The bus leaves around 7:15am. It is one of the new luxury buses and the ticket cost SDG 49 in July 2009. The bus is air conditioned and shows videos: one American movie (but with the sound turn low as everybody reads the subtitles) and one Arabic movie; plus a lot of Arabic video clips.
A meal is served during the trip. But beware of the cooked food and stick to the biscuits and the fruit. They serve also cold water (tap water!) and soft drinks. This is included in the price.
The trip lasts around 7 hours with one toilet stop (you’ll have to pay SDG 1 for not very clean facilities). If you have a flat tire and an accident with a parked car o the bus stop, as we did, it will last longer.

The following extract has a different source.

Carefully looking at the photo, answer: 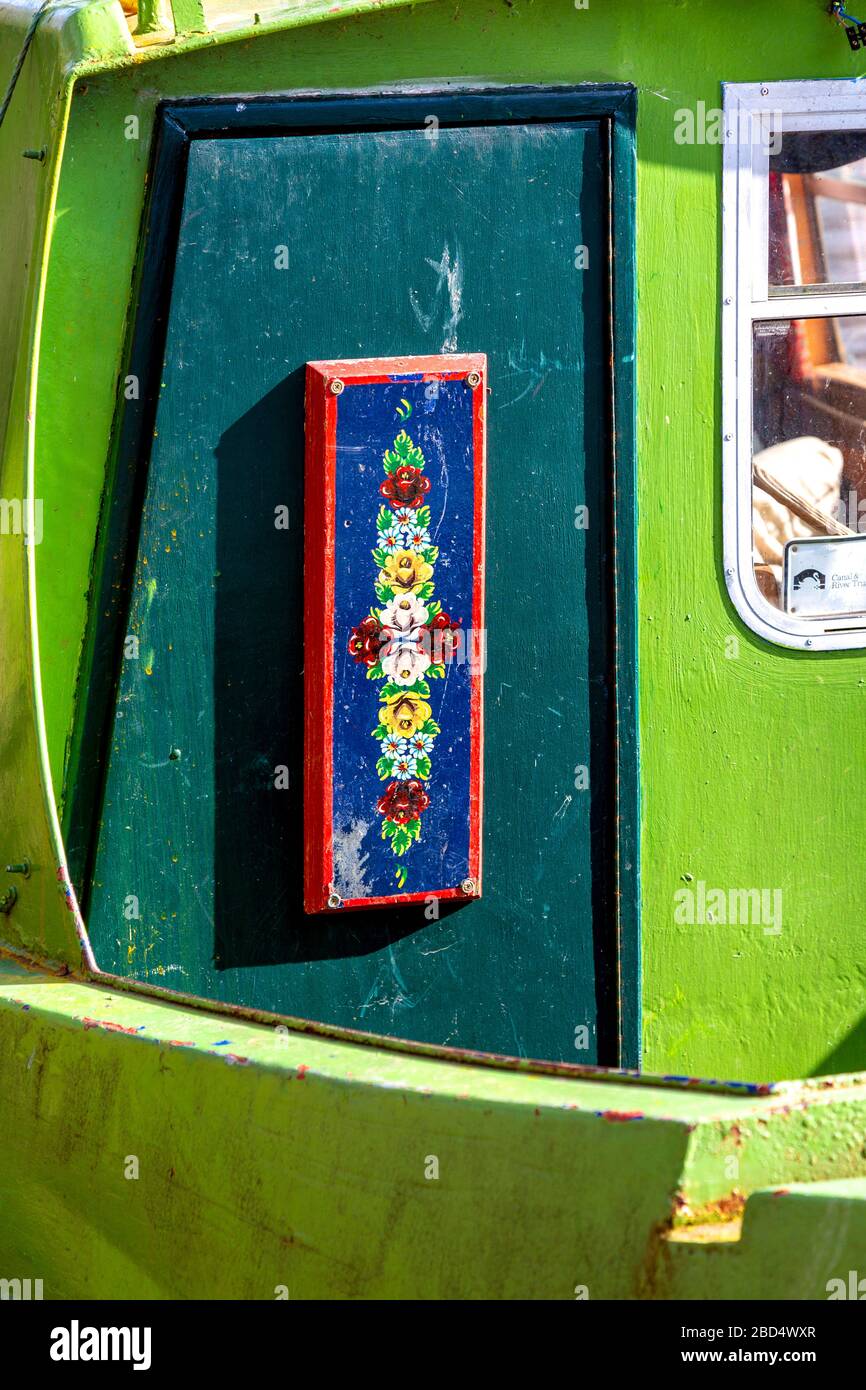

The bus travels first south to Kosti on a very good road. There, it crosses the White Nile and then goes west to El Obeid.
On arrival, they will check the labels on your luggage against the inscription on your ticket.
A lot of taxis are waiting at the bus stop. The trip to most destinations inside the town shouldn’t cost you more than SDG 6.
Located at N15 31.590 E32 32.624 on Google Earth
In much of Kordofan the best means of travelling is by donkey, or better still by camel.
Merchants used to take camels in caravans [ and still do] to Egypt to sell for meat. For those who know, camel liver is delicious.
In el Obeid town there are cars and taxis, and lorries leave for Omdurman or Nahud and El fasher
The railway stops here, and there is an airport.
El Obeid also serves as a stop-off point for journeys further south. At a different bus station to the one for Khartoum - on the southern outskirts of the city and you'll need a bus from the main souk to get there - you'll find buses and trucks heading south to Kadugli, Dilling, Darfur and even Wau.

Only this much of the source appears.